I haven't heard about it, but would expect fewer entries, and a different mix of racers entering. Most 4th cats are chasing points - sad but true.

I am seeing crashes at all stages of the race - I think the main cause is that it takes a fair bit of racing to get the right habits, and be able to maintain concentration for the duration of the race. I suspect the main cause is lapse in concentration, combined with not having the right racing habits ingrained. An analogy would be the difference in insurance premiums for newly qualified drivers versus over 40s.

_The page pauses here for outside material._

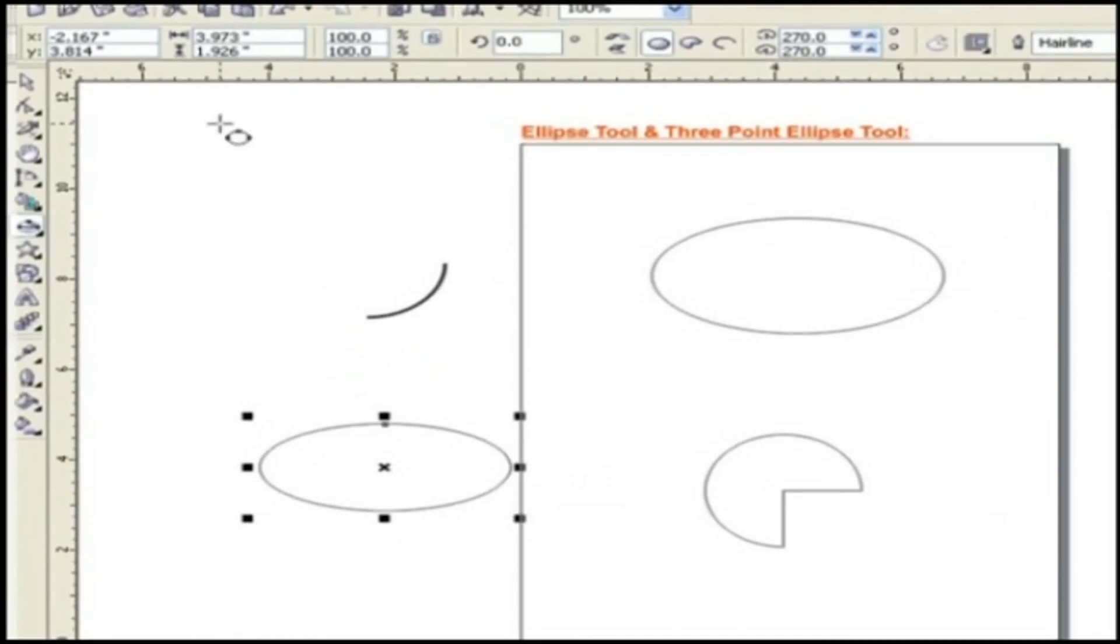Properties of a three-point ellipse tool are the same as ellipse tool. Again, to draw the perfect circle, just hold Control button and drag the ellipse tool over the page.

Having said that, I also think that talk of crashes at 4ths races is somewhat exaggerated. I have seen 3 or 4 in the last two seasons, and was involved in 1.


----------



## oldroadman (11 Nov 2013)

VamP said:


> I haven't heard about it, but would expect fewer entries, and a different mix of racers entering. Most 4th cats are chasing points - sad but true.
> 
> I am seeing crashes at all stages of the race - I think the main cause is that it takes a fair bit of racing to get the right habits, and be able to maintain concentration for the duration of the race. I suspect the main cause is lapse in concentration, combined with not having the right racing habits ingrained. An analogy would be the difference in insurance premiums for newly qualified drivers versus over 40s.
> 
> Having said that, *I also think that talk of crashes at 4ths races is somewhat exaggerated*. I have seen 3 or 4 in the last two seasons, and was involved in 1.


 
Glad to hear that, just back in and sorted out, it was probably the most miserable but mild day (drizzle, low cloud, lousy visibility) for a long time, but still, a few little climbs and slippery descents (and a puncture) livened the afternoon up!
I just would not want to see guys (and gals) put off by too much crash talk.


----------



## Andy_G (11 Nov 2013)

I've just checked and there are BC points for the first 10 finishers in the cat 4 races and first 20 in the series.


----------